New York judge declares NYC non-citizen voting law unconstitutional

by mcardinal

Willie R. Tubbs, FISM News


A judge in New York has ruled that only citizens of New York City should be allowed to vote in city-wide elections.

On Monday, Judge Ralph Porzio of the New York State Unified Court System found that New York City’s “Our City, Our Vote” law, passed by the city council last December and almost immediately challenged by Republicans, diluted the voting power of citizens by opening the mayor’s race – as well as races for public advocate, borough president, and council positions – to votes from non-citizens.

“The New York State Constitution explicitly lays the foundation for ascertaining that only proper citizens retain the right to voter privileges,” Porzio wrote. “It is this court’s belief that by not expressly including noncitizens in the New York State Constitution, it was the intent of the framers for noncitizens to be omitted.”

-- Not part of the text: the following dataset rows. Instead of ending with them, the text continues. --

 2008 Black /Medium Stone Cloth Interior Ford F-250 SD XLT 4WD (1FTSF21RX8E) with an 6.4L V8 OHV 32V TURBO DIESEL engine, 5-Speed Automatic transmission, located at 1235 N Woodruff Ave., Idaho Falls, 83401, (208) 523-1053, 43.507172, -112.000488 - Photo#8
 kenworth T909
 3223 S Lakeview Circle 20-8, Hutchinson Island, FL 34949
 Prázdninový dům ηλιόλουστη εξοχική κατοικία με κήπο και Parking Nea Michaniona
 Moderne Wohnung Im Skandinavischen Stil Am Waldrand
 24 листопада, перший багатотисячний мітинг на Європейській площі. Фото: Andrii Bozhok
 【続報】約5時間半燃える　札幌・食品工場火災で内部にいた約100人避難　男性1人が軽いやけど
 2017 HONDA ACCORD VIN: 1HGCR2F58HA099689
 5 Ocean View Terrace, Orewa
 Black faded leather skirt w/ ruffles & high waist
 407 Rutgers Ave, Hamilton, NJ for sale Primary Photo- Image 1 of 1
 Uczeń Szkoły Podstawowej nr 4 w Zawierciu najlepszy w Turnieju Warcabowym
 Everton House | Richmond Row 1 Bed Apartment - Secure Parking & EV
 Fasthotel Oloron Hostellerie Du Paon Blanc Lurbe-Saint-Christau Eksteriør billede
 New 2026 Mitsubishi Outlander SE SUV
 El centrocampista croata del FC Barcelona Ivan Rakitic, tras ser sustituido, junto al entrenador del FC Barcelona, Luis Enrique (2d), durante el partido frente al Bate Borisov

Porzio added, “Though voting is a right so many citizens take for granted, the City of New York cannot ‘obviate’ the restrictions imposed by the Constitution.”

Following the ruling, statements from partisans indicated neither group had budged from their stance on the issue.  

“By providing city residents with a voice in their local government representation, we provide them with an equal stake in the long-term success of our city,” Council Speaker Adrienne Adams and Councilwoman Shahana Hanif said in a joint statement. “Now more than ever, when our rights are being threatened, we need more civic and community engagement, not less.”

State Assemblyman Michael Tannousis, a Republican representing parts of Staten Island and Brooklyn and a plaintiff in the case, said the law cheapened the concept of citizenship.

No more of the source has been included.